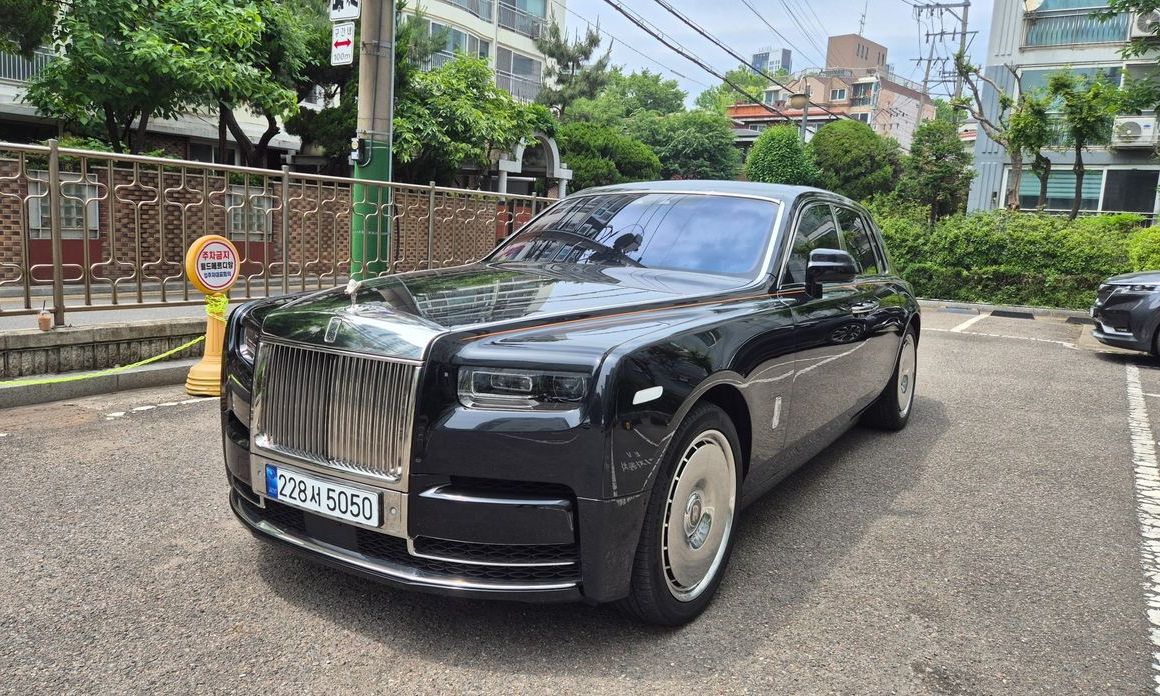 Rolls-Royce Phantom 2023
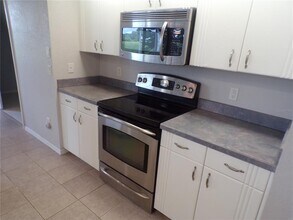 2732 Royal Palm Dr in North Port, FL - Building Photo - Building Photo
...
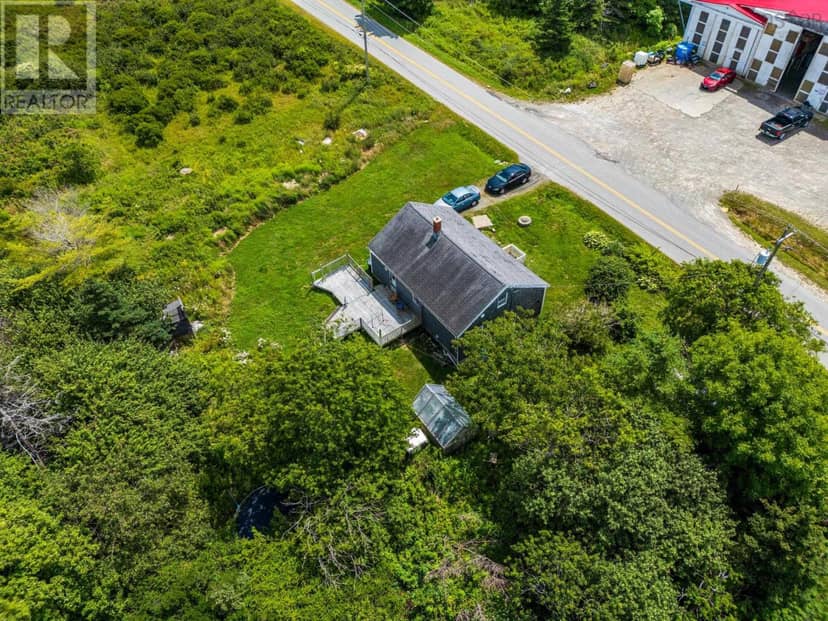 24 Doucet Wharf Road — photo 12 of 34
--
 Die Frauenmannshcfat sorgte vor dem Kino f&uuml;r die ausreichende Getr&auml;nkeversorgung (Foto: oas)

▶ **ASSIGNMENT**
Nothing but the lines above, starting at the line that contains "Rolls-Royce Phantom 2023" and ending at the line that contains "2732 Royal Palm", should be given again, exactly and without the pictures.

▶ **RESULT**
 Rolls-Royce Phantom 2023
 2732 Royal Palm Dr in North Port, FL - Building Photo - Building Photo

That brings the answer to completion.